Declaración de variables y seguridad

 Son muchos los lenguajes de programación en los cuales no es necesario declarar las variables antes de que estas sean usadas. Si escribes tus códigos en un lenguaje que resulte flexible en este aspecto que te explico, y dispones de la posibilidad de configurarlo de modo que sea obligatorio declarar las variables antes de usarlas, ¡es mejor que no dejes de hacerlo!. Te muestro un código en PHP a modo de ejemplo:

if ($tipo_usuario_logado == administrador)
{
  $administrador = TRUE;
}


La variable $administrador se autodeclara con su primer uso, y a partir de ahora nuestro código mostrará condicionales de este tipo:

if ($administrador)
{
  // Muestra opciones propias del administrador
}


¿Que ocurriría si un hacker usara un campo de introducción de datos de nuestra aplicación PHP, que estuviera mal diseñado en lo referente a la seguridad, para introducir una porción de código como el siguiente?:

$administrador = TRUE;

  Pues eso es lo que ocurriría exactamente, que la variable sería recibida por nuestra aplicación, y a continuación la declararía y le daría el valor TRUE. A partir de este momento mostraría las características de la aplicación reservadas para los administradores y todas nuestras vergüenzas quedarían expuestas. ¡Observa que incluso podría, en el caso de que estén activas las variables globales, usar maliciosamente la URL de nuestra aplicación con esta finalidad!

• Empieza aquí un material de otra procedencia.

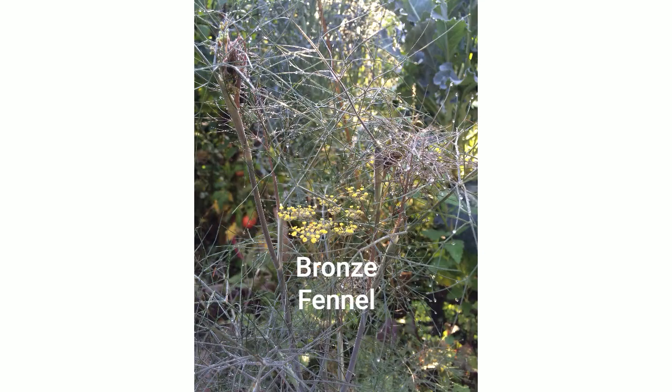Fennel flowers bring in all the beneficial bugs — pollinators, little tiny wasps, all these beneficial insects. I grow the bronze fennel and those heads of little flowers are just swarming with beneficial bugs. The fennel flowers are edible, as is the pollen. I remember talking to a chef who would tap fennel flowers over a white plate to decorate it with the pollen. You can use flowers from bronze fennel, which doesn't form the bulb, or from Florence fennel, which does form a bulb — you can eat those flowers and use them the same way.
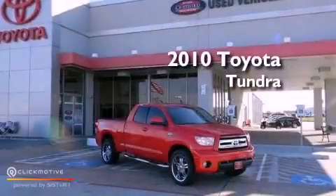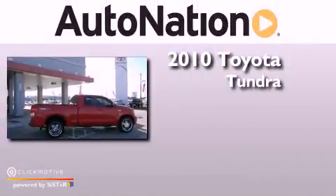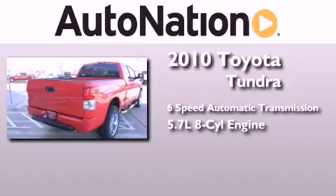This is a certified pre-owned 2010 Toyota Tundra. This truck has a six-speed automatic transmission and a 5.7 liter V8.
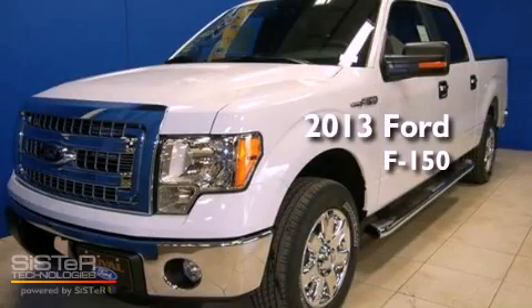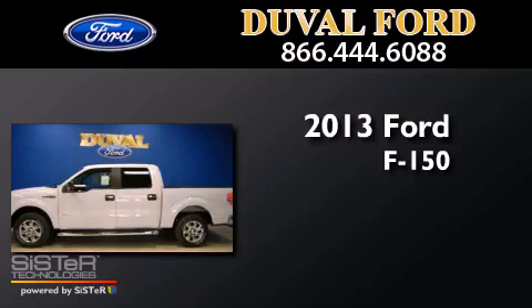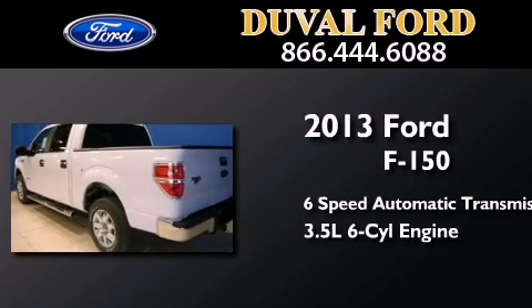This is a brand new 2013 Ford F-150. This truck has a 6-speed automatic transmission and a 3.5-liter V6.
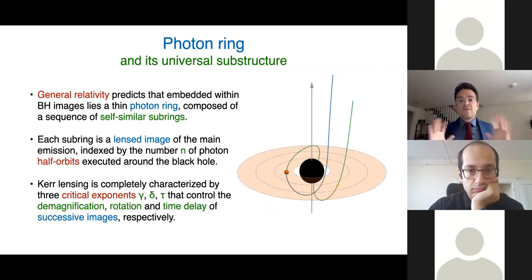To reiterate: general relativity predicts that embedded within black hole images lies a thin photon ring, which is itself composed of a sequence of self-similar subrings, each a lensed image of the main emission, indexed by the number n of half orbits executed around the black hole. This lensing effect of Kerr black holes is completely characterized by three critical exponents — gamma, delta, and tau — which control the demagnification, rotation, and time delay of successive images, respectively.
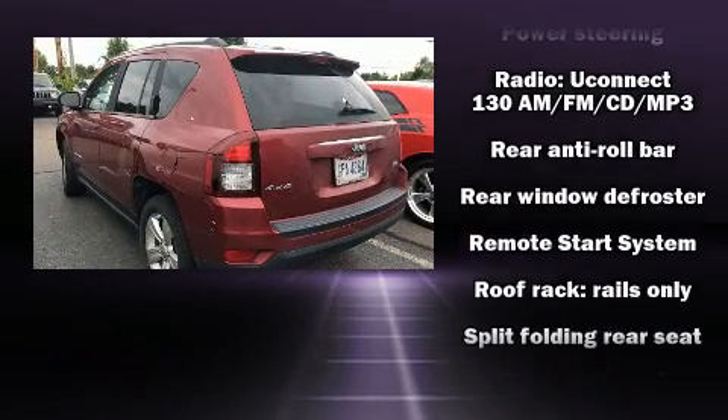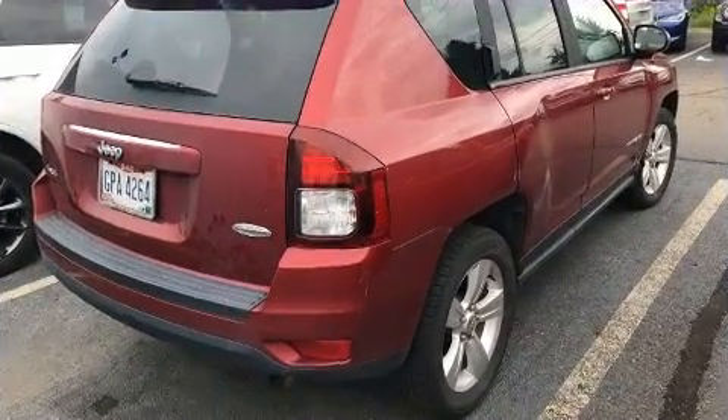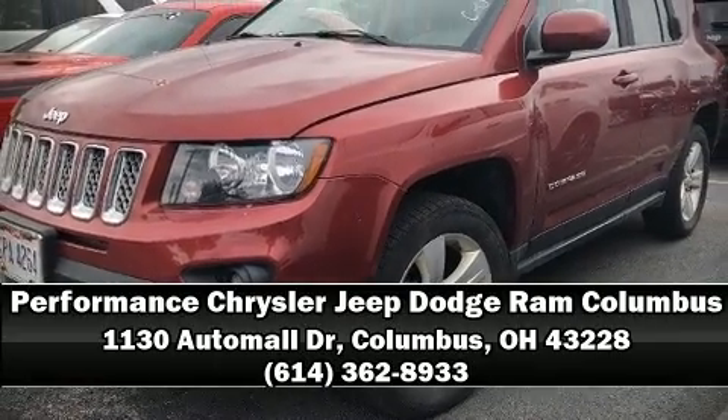A Carfax History Report provides you peace of mind by detailing information related to past owners and service records. Stop by our dealership or give us a call for more information.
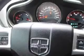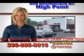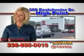Enjoy the drive and have peace of mind in this 2013 Dodge Avenger. See us at Van York Toyota today. Be smart and buy now at Van York — building relationships that last.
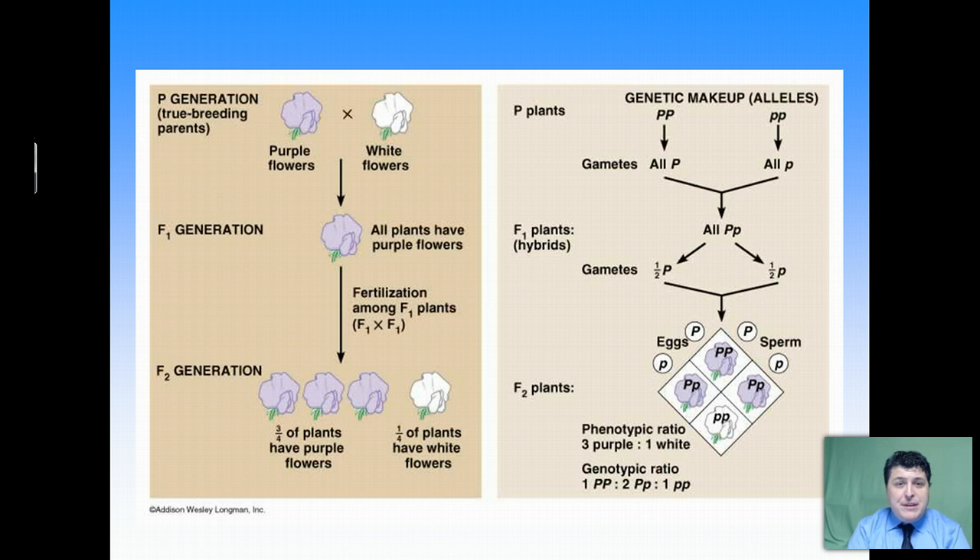With Mendel's discoveries and Reginald Punnett's Punnett square, we can explore the fundamentals of genetics. From here, we'll continue to build on these fundamentals — looking at not only how single traits are inherited from parents to offspring, but how multiple traits are inherited. And then we'll go beyond Mendel to see different ways we can get our traits that Mendel could not have observed in his pea plants. So stay tuned.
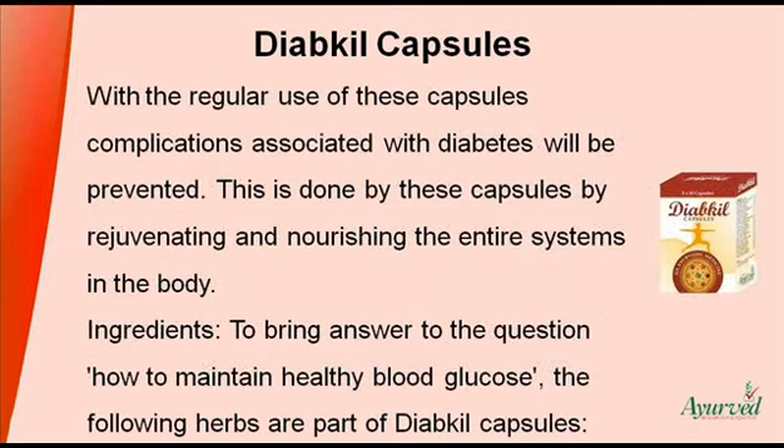With the regular use of these capsules, complications associated with diabetes will be prevented. This is done by these capsules by rejuvenating and nourishing the entire systems in the body. Regarding the ingredients, to bring the answer to the question of how to maintain healthy blood glucose, the following herbs are part of Diakyl capsules.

http://servidor/aplicación?administrador=TRUE

 Por todo lo expuesto, es conveniente usar la instrucción error_reporting() en el caso anterior para capturar errores con variables no inicializadas y poder manejar esos errores según nuestra necesidad.
 Si has pensado que sería mucho más fácil manipular la variable $tipo_usuario_logado, la cual damos por hecho que ya está declarada en nuestra aplicación, he de decirte que hay un pequeño hacker en tu interior. Es cierto, y por este motivo es importante que en cada interpretación del código que haga el servidor asignes el valor de esta variable desde, por ejemplo, una consulta a la base de datos de tus usuarios, o que lo realices usando los datos de sección que previamente has almacenado en el servidor. Sólo de esta manera, el gran especialista de seguridad que crece en ti se asegurará de mantener controlado a tu travieso hacker interior.